[OpenAFS-devel] Re: OpenSSH, OpenAFS, Heimdal Kerberos and MIT
Kerberos
Dean Anderson
dean@av8.com
Mon, 26 Jan 2004 17:17:46 -0500 (EST)
On Mon, 26 Jan 2004, Jeffrey Hutzelman wrote:
> Worse, it would not solve the problem. The trouble here is not that AFS
> tokens are stored in a kernel data structure instead of a file. It's that
> they are indexed by a value which must be set on login, inherited from each
> process by its children, and must not be changeable by the user (to prevent
> token stealing). OpenSSH loses not because you need special code to set
> tokens, and not even because you need special code to generate a new PAG --
> those things can be done by a PAM module. OpenSSH loses because the PAM
> session module gets called outside the inheritance chain of the user's
> shell, which means it can't set a PAG or anything else that is inherited
> across a fork (e.g. groups, environment variables, resource limits, etc etc
> etc).
Right. And there is an easy solution: Turn off Privsep. A process that
creates new user sessions needs root privileges, and those privileges
cannot be given away prematurely to "improve security". Privsep is just a
stupid idea for some programs. Probably for most programs...

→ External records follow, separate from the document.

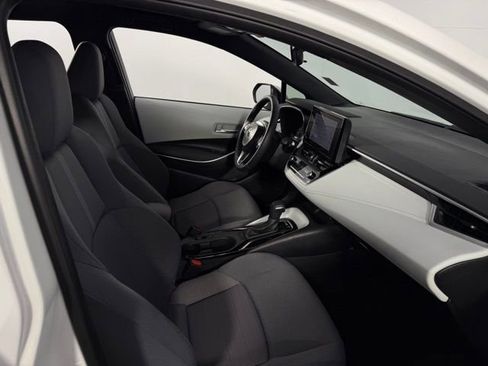 Used 2025 Toyota Corolla SE image 15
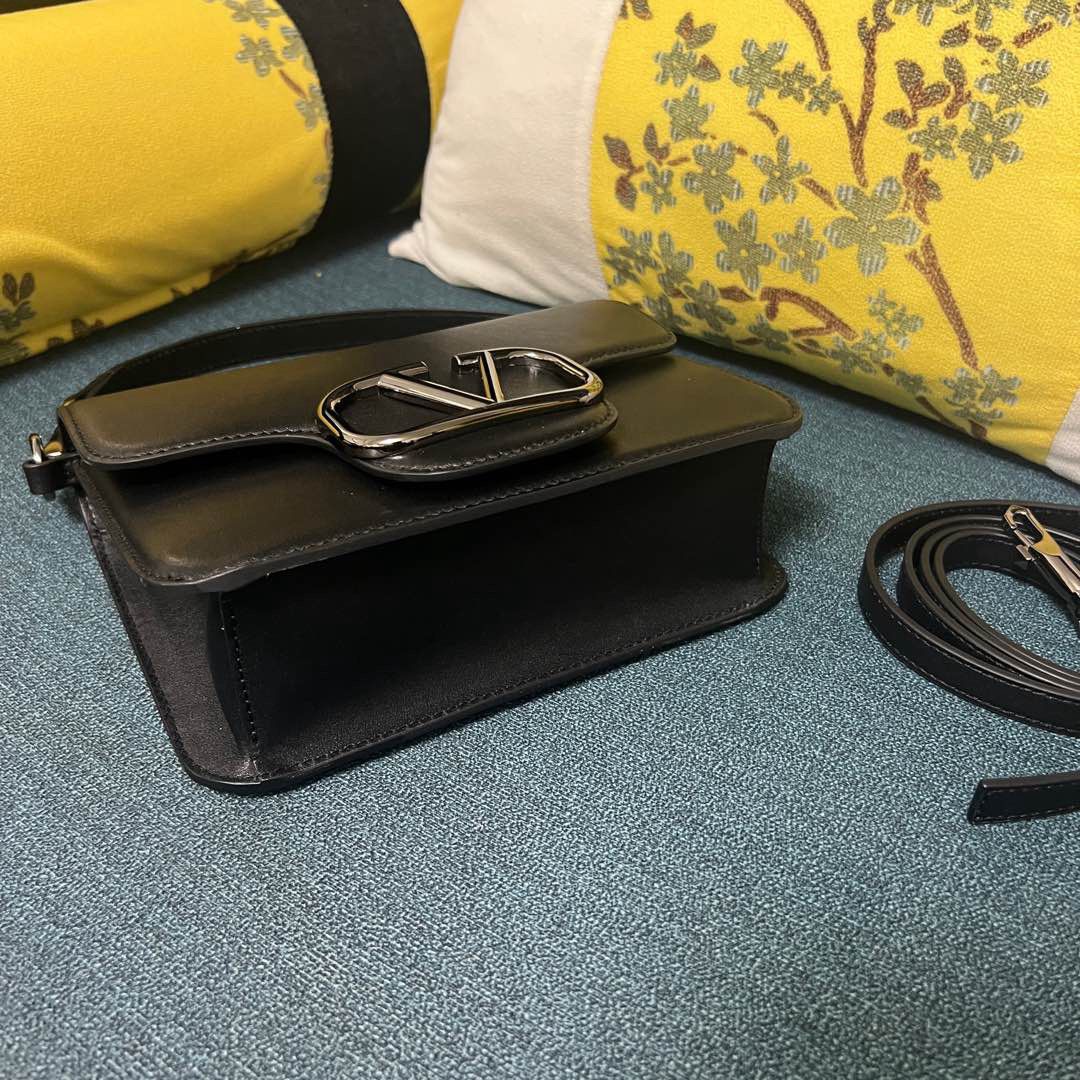 Bolsa de ombro Valentino Garavani Locò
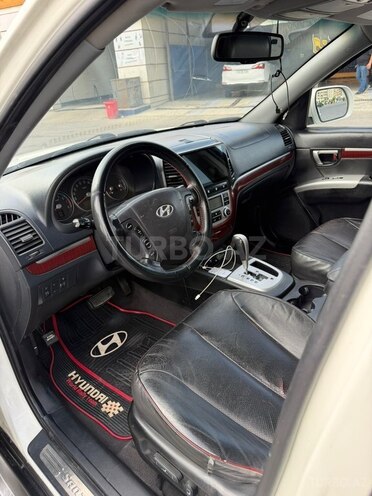 Hyundai Santa Fe-5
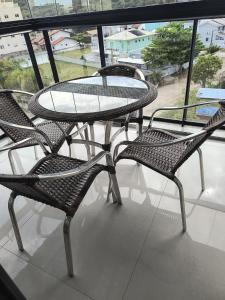 Excelente apartamento com 3 quartos disponíveis Palmas SC próximo a praia - 2 quartos e sala com ar condicionado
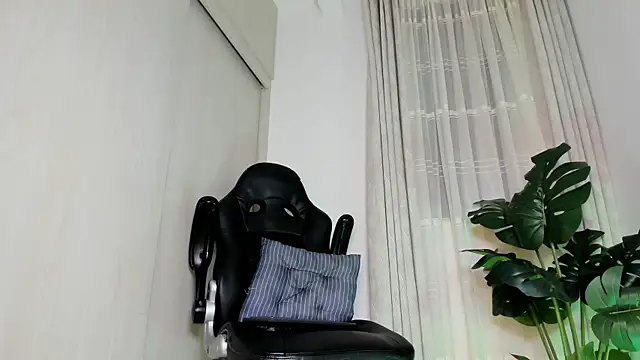 Biscuit_oliva webcam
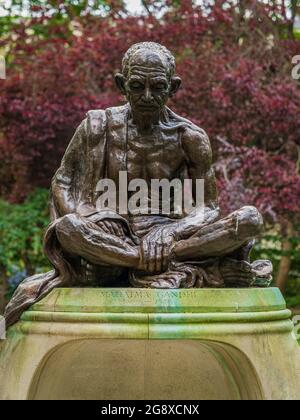 Mahatma Gandhi statue en Tavistock Square Gardens Bloomsbury Londres. Sculpté par Fredda brillante et installé en 1968 Banque D'Images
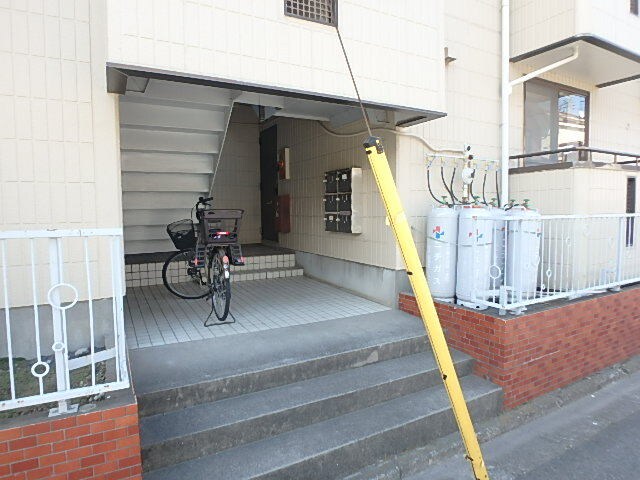 物件外観写真5　(エントランス)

Privsep is not a solution of security problems caused by bad programs. It
is just throwing complication at a problem in the hopes that by making it
more complicated, that security is improved.
While privsep can be turned off, and the AFS problems are solved when
privsep is turned off, it seems that many people don't know this. I think
that it would help if a new distribution of openssh, etc were created
without privsep. As I said, I think this privsep business is a bad idea,
and I would just remove it from the code.